(Stored items)
=-=-=
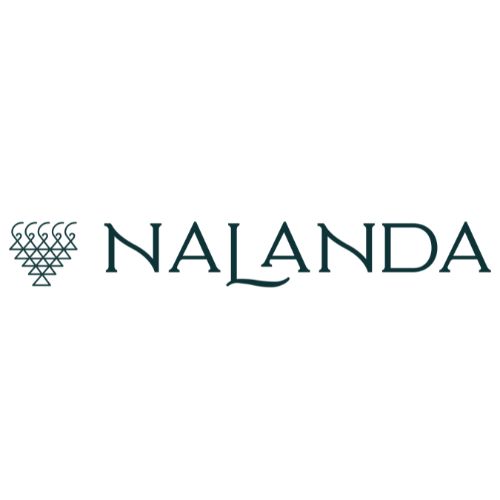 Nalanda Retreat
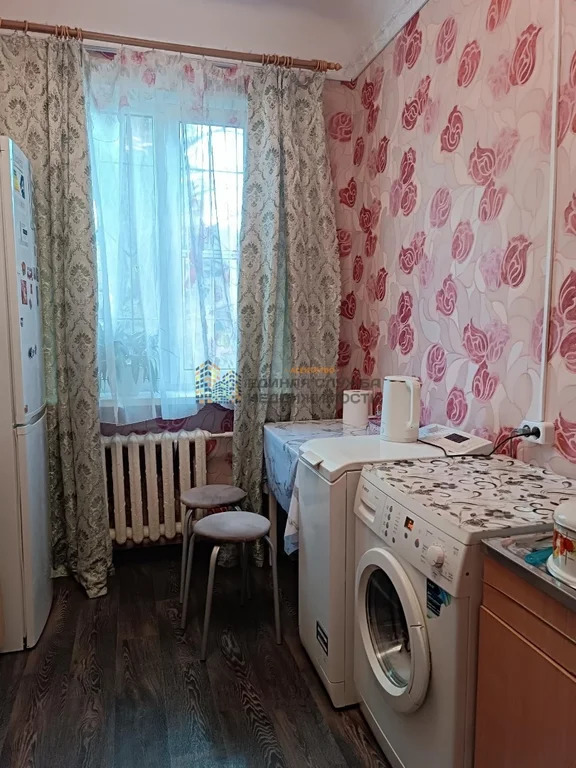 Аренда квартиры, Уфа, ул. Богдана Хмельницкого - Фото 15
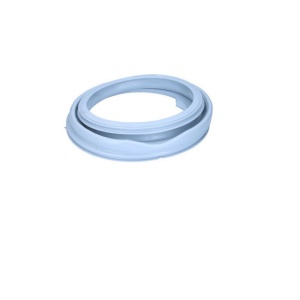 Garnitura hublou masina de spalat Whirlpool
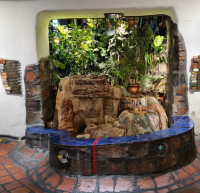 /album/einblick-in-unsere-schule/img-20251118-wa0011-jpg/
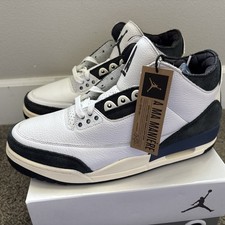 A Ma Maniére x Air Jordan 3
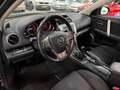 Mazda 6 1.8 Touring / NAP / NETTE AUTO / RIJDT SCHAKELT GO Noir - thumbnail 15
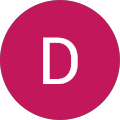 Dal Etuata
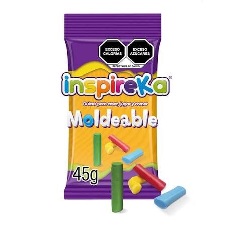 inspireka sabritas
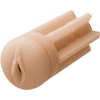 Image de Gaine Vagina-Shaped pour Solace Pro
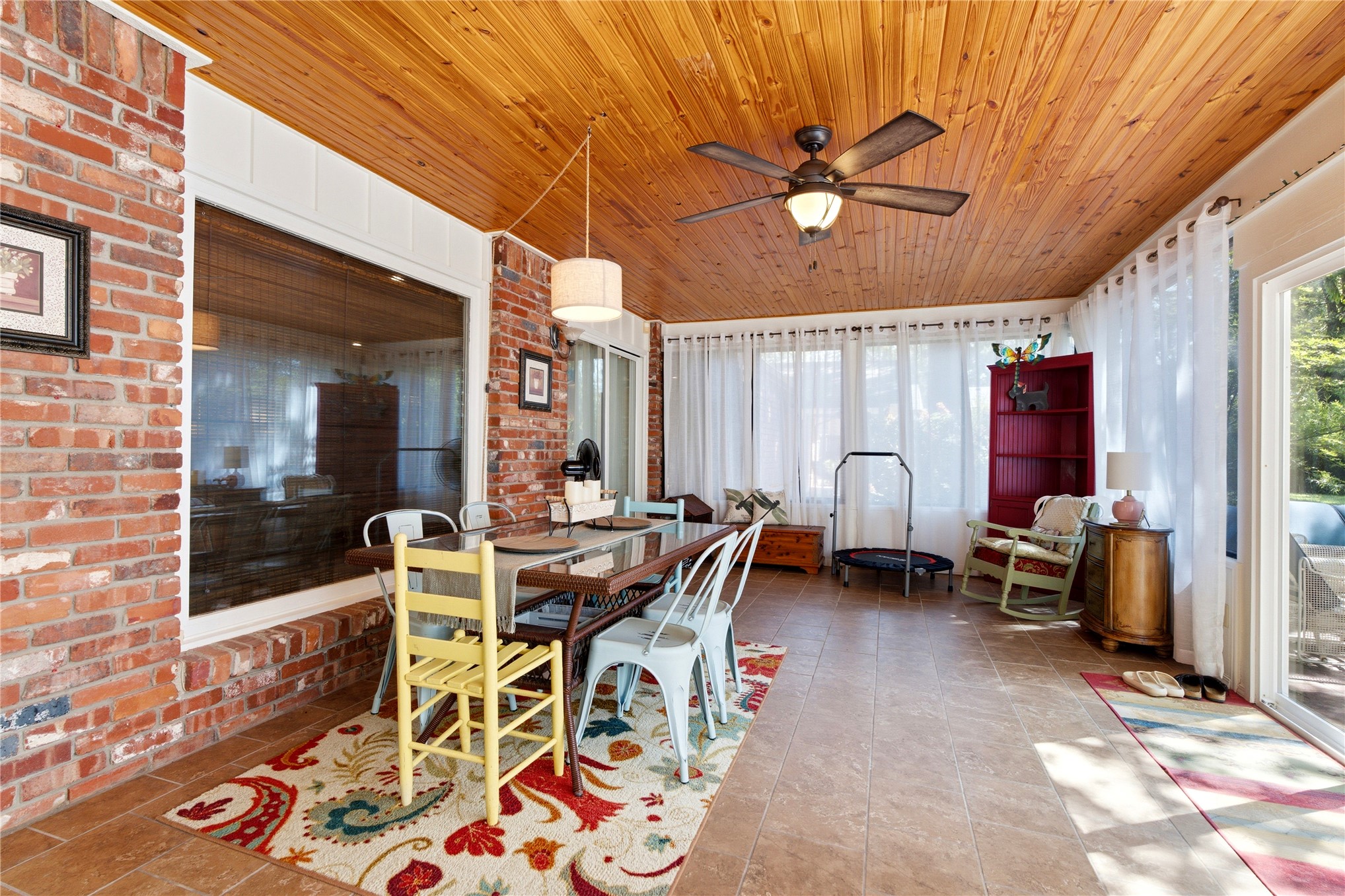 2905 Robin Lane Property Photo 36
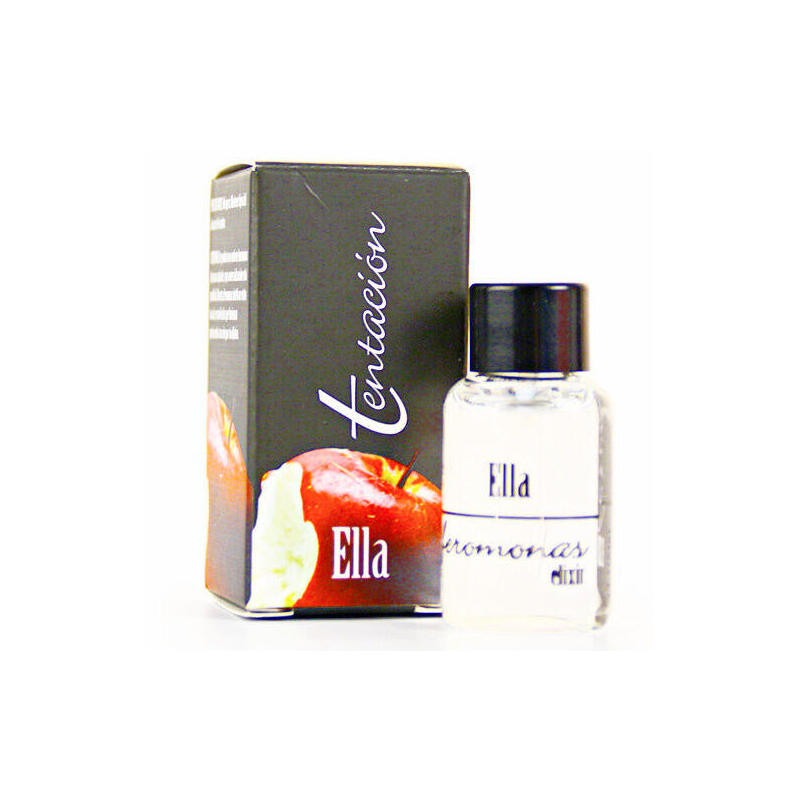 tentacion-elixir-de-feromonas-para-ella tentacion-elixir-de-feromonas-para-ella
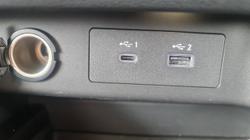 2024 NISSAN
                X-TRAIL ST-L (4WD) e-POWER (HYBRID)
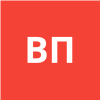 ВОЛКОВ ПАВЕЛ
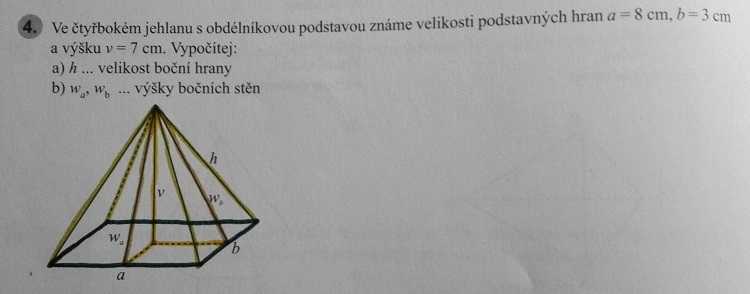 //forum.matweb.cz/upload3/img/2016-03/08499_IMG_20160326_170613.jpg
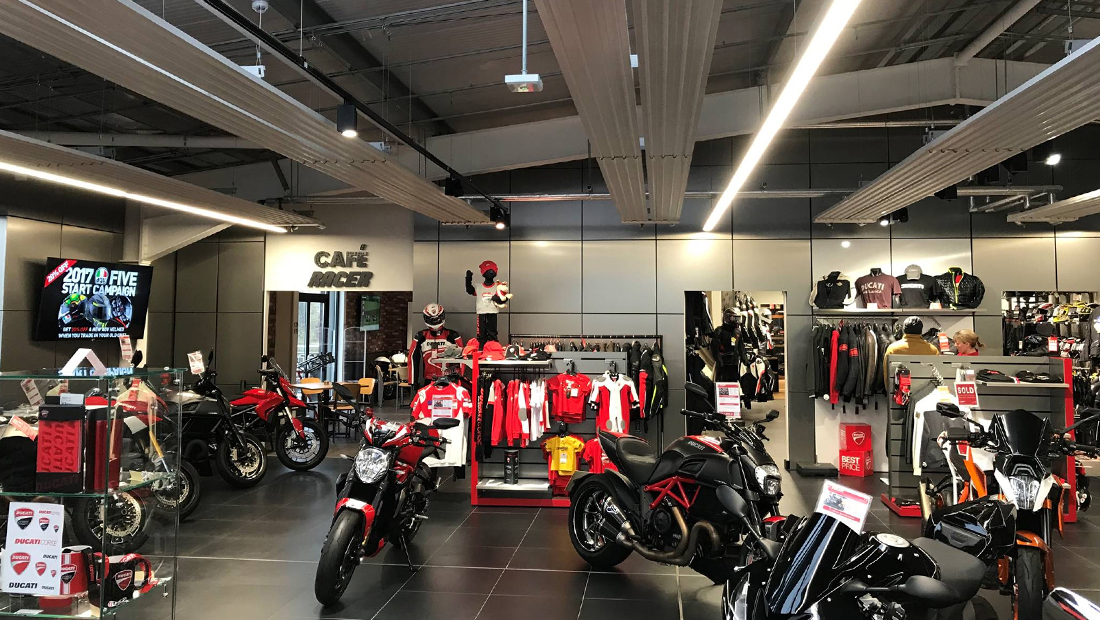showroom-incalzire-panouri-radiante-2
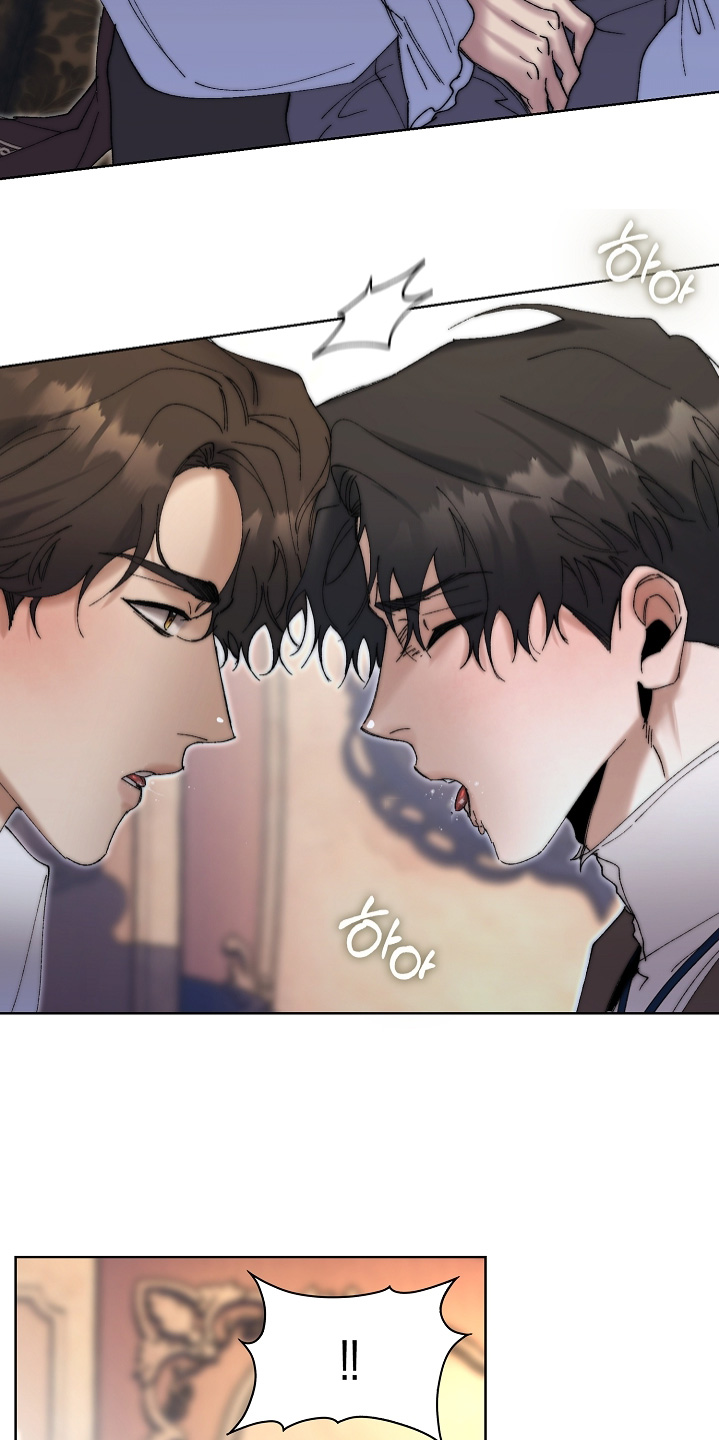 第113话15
=-=-=
Exercise prompt: Apart from the pictures, repeat the data above exactly.

Exercise output:
 Nalanda Retreat
 Аренда квартиры, Уфа, ул. Богдана Хмельницкого - Фото 15
 Garnitura hublou masina de spalat Whirlpool
 /album/einblick-in-unsere-schule/img-20251118-wa0011-jpg/
 A Ma Maniére x Air Jordan 3
 Mazda 6 1.8 Touring / NAP / NETTE AUTO / RIJDT SCHAKELT GO Noir - thumbnail 15
 Dal Etuata
 inspireka sabritas
 Image de Gaine Vagina-Shaped pour Solace Pro
 2905 Robin Lane Property Photo 36
 tentacion-elixir-de-feromonas-para-ella tentacion-elixir-de-feromonas-para-ella
 2024 NISSAN
                X-TRAIL ST-L (4WD) e-POWER (HYBRID)
 ВОЛКОВ ПАВЕЛ
 //forum.matweb.cz/upload3/img/2016-03/08499_IMG_20160326_170613.jpg
showroom-incalzire-panouri-radiante-2
 第113话15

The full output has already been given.